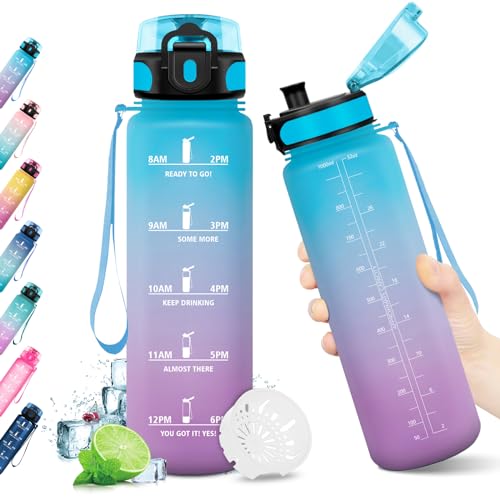 KollyKolla Botella de Agua 1L, Gimnasio Cantimplora Deporte, Cantimplora Infantil, Prueba de Fugas, sin BPA, Reutilizable, Garrafa Agua para Adulto, Niños, Colegio, Camping, Oficina, Bicicleta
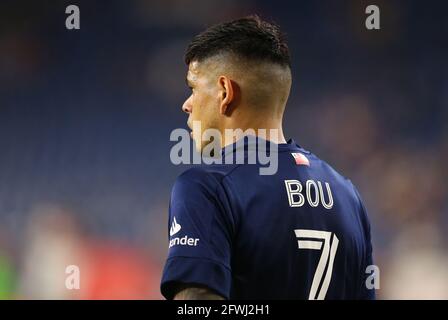 Gillette Stadium. 22nd May, 2021. MA, USA; New England Revolution forward Gustavo Bou (7) during an MLS match between New York Red Bulls Union and New England Revolution at Gillette Stadium. Anthony Nesmith/CSM/Alamy Live News Stock Photo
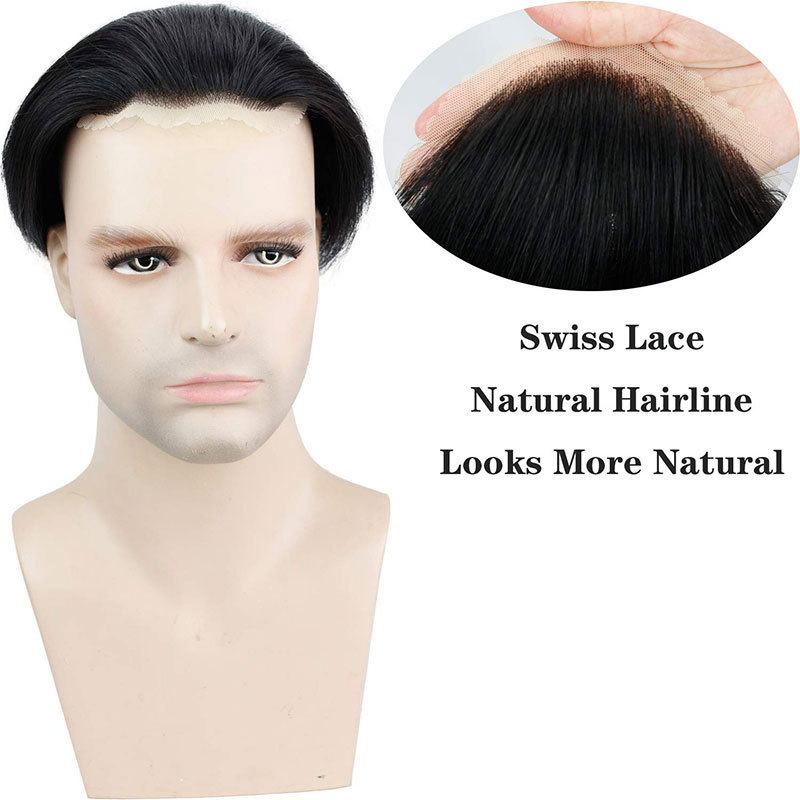 Men's Toupee Hairpieces 100%Virgin Human Hair Replacement System Hair Topper Pieces for Men French Lace Net with PU Base Size 4.33x6.69 inch 1B Black 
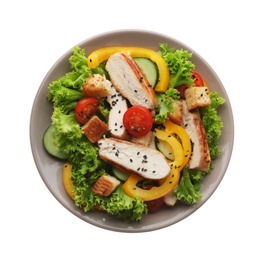 Delicious salad with chicken, vegetables and chia seeds on white background, top view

PROBLEM STATEMENT:
The answer must be the lines above from the line that contains "Gillette Stadium. 22nd" to the final line of the data, word for word, with no pictures.

EXERCISE RESPONSE:
 Gillette Stadium. 22nd May, 2021. MA, USA; New England Revolution forward Gustavo Bou (7) during an MLS match between New York Red Bulls Union and New England Revolution at Gillette Stadium. Anthony Nesmith/CSM/Alamy Live News Stock Photo
 Men's Toupee Hairpieces 100%Virgin Human Hair Replacement System Hair Topper Pieces for Men French Lace Net with PU Base Size 4.33x6.69 inch 1B Black 
 Delicious salad with chicken, vegetables and chia seeds on white background, top view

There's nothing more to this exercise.